Here’s a look at how the “right to delete” works and how the principles of data minimization and storage limitation can help reduce the associated headaches and resource costs.
A right to be forgotten?
The right to delete personal data is sometimes called the “right to be forgotten”.
This phrase derives from a 2017 EU court case known as “Google Spain”, which confirmed that search engines must erase results that include personal data under certain circumstances. The phrase now features in the EU and UK General Data Protection Regulation (GDPR).
But “the right to be forgotten” is arguably a misleading term, considering what data protection and privacy laws say.
Even in the EU, the “right to erasure” is only granted under certain conditions, namely:
- The personal data is no longer needed for the purpose for it was collected
- The individual consented to the processing of the personal data and has since withdrawn consent
- The individual has raised a valid request under the GDPR’s “right to object”
- The personal data has been processed unlawfully
- There’s a legal obligation to erase the data
- The personal data relates to a child and was collected in connection with an online service
If a person submits a request under the GDPR’s “right to erasure” and is not covered by one of the above conditions, the organization has no obligation to delete their personal data. And even if one of the above conditions does apply, there are exceptions, including:
- Freedom of expression
- Legal compliance
- Public health
- Certain archiving and research purposes
- Establishing or defending legal claims.
As such, the right to delete personal data is not absolute – even in the EU and the UK.
Sweeping new data deletion laws
Strict data protection laws providing a “right to delete” are usually associated with Europe. But in recent years, many states across the US have passed laws requiring businesses to delete consumers’ personal data on request, including:
- California Consumer Privacy Act (CCPA), first passed in 2020 and amended in 2023 by the California Privacy Rights Act (CPRA)
- Virginia Consumer Data Protection Act (VCDPA)
- Colorado Privacy Act (CPA)
- Connecticut Data Privacy Act (CTDPA)
- Utah Consumer Privacy Act (UCPA)
The above list includes only laws currently in effect.
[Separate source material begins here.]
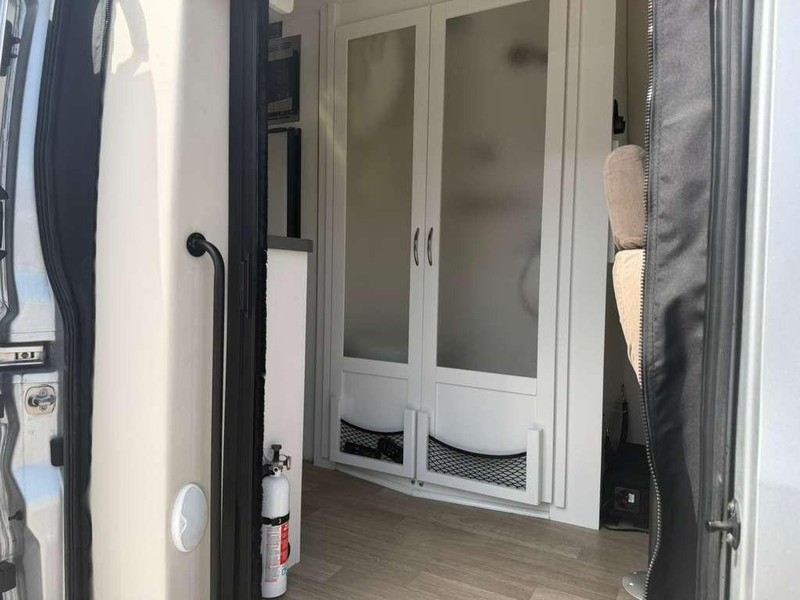 Ford Transit Cargo Van Vehicle Full-screen Gallery Image 19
In total, at least 13 states have passed laws that include a right for consumers to delete their personal data, most of which will take effect over the next two years.
These laws also bring consumers the right to access a copy of their personal data and (except in Utah) correct inaccurate personal data.
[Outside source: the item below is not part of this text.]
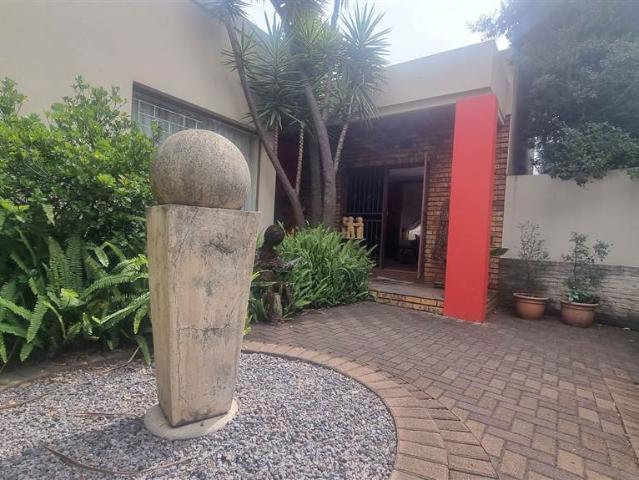4 Bedroom House in Vanderbijlpark SE2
Deletion requests must generally be fulfilled within 45 days. And if a consumer isn’t happy with a company’s response, they can often complain to the relevant state’s Attorney General.
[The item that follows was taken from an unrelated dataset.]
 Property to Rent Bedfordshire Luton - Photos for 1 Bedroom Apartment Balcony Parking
While not every US business will be covered by such a law, it’s clear that thousands of organizations across the US will need to get their data-deletion houses in order.
Exceptions to the right to delete
As under the UK and EU GDPR, there are exceptions to the “right to delete” under these US laws, too.
For example, in Virginia (the state whose privacy law inspired similar bills in many other states), a business does not have to comply with a consumer’s deletion request if the business:
- Cannot reasonably associate the data with the consumer, or it would be “unreasonably burdensome” to do so, and
- Doesn’t use the personal data to recognize or respond to the consumer, or associate it with other personal data about the consumer, and
- Doesn’t sell the personal data or disclose it to any third party (other than its “processors”).
Also, “pseudonymous” data isn’t covered by the right to delete in Virginia, meaning that businesses can apply certain data masking techniques to data and bring it out of the scope of the right to delete.
Data minimization and storage limitation
Despite all these conditions and exceptions, businesses covered by data protection and privacy laws should expect to receive deletion (and access and correction) requests from their customers.
Often, the best response to such a request is, “We don’t have that data”.
Many new US privacy laws, like the EU law that inspired them, limit the amount of personal data that businesses may collect, and sometimes limit how long businesses may store personal data. These principles are known as “data minimization” and “storage limitation”.
Essentially, these principles prohibit you from collecting, using, or storing personal data unless you have a specific reason to do so.
For example, California’s CCPA states that businesses may only collect personal data that is “reasonably necessary and proportionate to achieve the purposes for which the personal information was collected or processed…”
And while the CCPA’s “storage limitation” principle is slightly more nuanced; the upshot is that you should not be storing personal data longer than necessary.
But minimizing the amount of data you collect, and store has benefits beyond legal compliance, including:
- Less work when responding to consumer rights requests
- Decreased risk of data breaches
- Decreased storage costs and environmental impact
- More efficient data management
It’s a good time to map and review all the personal data your business holds, and deleting anything you don’t need.